All this discussion provides context for the problem and a broad sense of what is needed. The examples thus far, though, have been simple; even the Anglo-Saxon, despite its length. There's not much point charging blindly into complex examples without learning first what there is to be learned from more tractable ones. Undervaluing conventional structural insights seems a likely hazard of the functional approach.

My objective from the start, though, has been to develop means for studying the internal structure of larger-scale texts. Not these single sentences, about which hangs a pervasive sense of omission of larger structures intruding on them from above (I'm reminded (tangentially?) of the "network" aspect of subterms in my posts on co-hygiene). Sooner or later, we've got to move past these shallow explorations, to the deep end of the pool.
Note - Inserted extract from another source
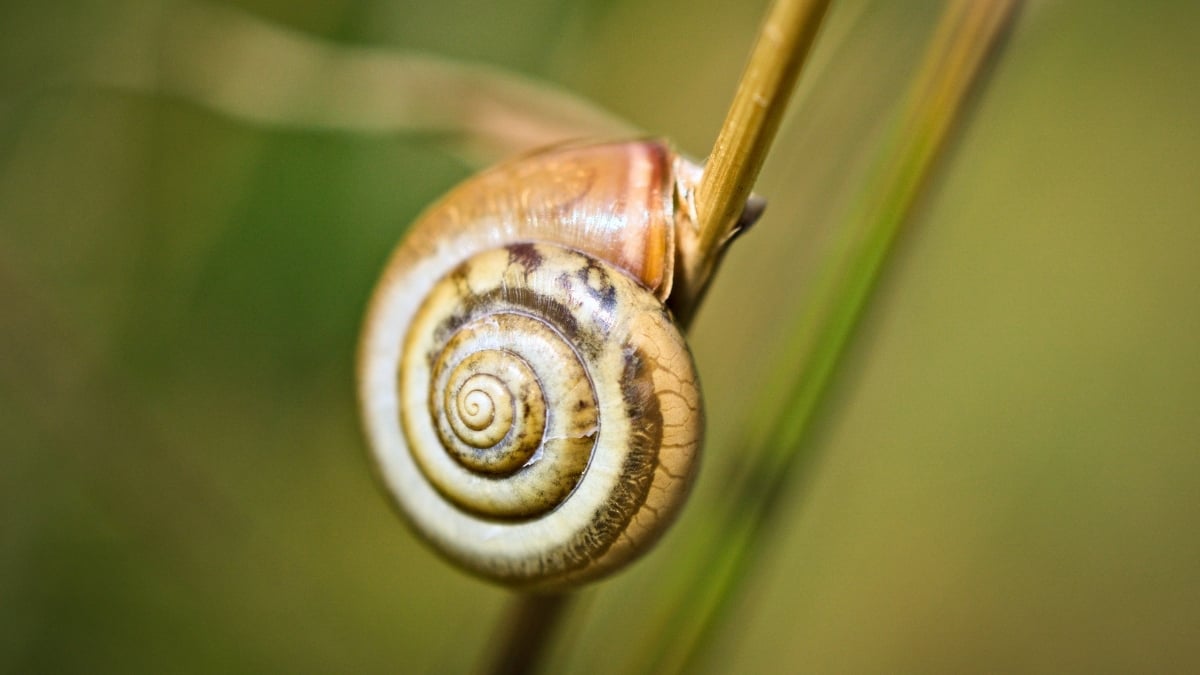 Snails Carry a Surprising Record of Extreme Weather on Their Backs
We've sampled kinds of structure that occur toward the upper end of the sentence level. (I could linger on revalency for some time, but for this post that's only a means to an end.) Evidently we can't pour dense information into our presentation without drowning out what we want to exhibit — interlinear glosses are way beyond what we can usefully do — so we should expect an effective device to let us exhibit aspects of a large text one aspect at a time, rather than displaying its whole structure at once for the audience to pick things out of. It won't be "automatic", either; we expect any really useful technique to be used over a very wide range of structural facets with sapient minds at both the input and output of the operation — improvising explorations on the input side and extracting patterns insightfully from the output. (In other words, we're looking not for an algorithm, but for a means to enhance our ability to create and appreciate art.)
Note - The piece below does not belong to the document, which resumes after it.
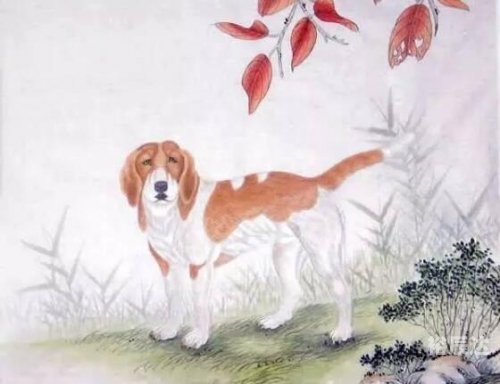 2019年今晚开什么码精准一码2019年今晚开什么特马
It would be a mistake, I think, to scale up only a little, say to looking at how one sentence relates to another; that's still looking down at small structures, rather than up at big ones. It would also be self-defeating to impose strict limitations on what sort of structure might be illustrable, though it's well we have some expectations to provide a lower bound on what might be there to find. One limitation I will impose, for now: I'm going to look at reasonably polished written prose, rather than the sort of unedited spoken text sometimes studied by linguists. Obviously the differences between polished prose and unedited speech are of interest — for both linguistics and conlanging — but ordinary oral speech is a chaotic mess of words struggling for the sort of coherent stream one finds in written prose. So it should be possible to get a clearer view of the emergent structure by studying the polished form, and then as a separate operation one might try to branch outward from the relatively well-defined structures to the noisily spontaneous compositional process of speech. The definition of a conlang seems likely to be more about the emergent structure than the process of emergence, anyway.

So, let's take something big enough to give us no chance of dwelling in details. The language has got to be English; the point is to figure out how to illustrate the structure, and a prerequisite to that is having prior insight (prior to the illustrative device, that is) into all the structure that's there to be illustrated. Here's a paragraph from my Preface to Homer post; I've tried to choose it (by sheer intuition) to be formidably natural yet straightforward. I admit, this paragraph appeals to me partly because of the unintentional meta-irony of a rather lyrical sentence about, essentially, how literate society outgrows oral society's dependence on poetic devices.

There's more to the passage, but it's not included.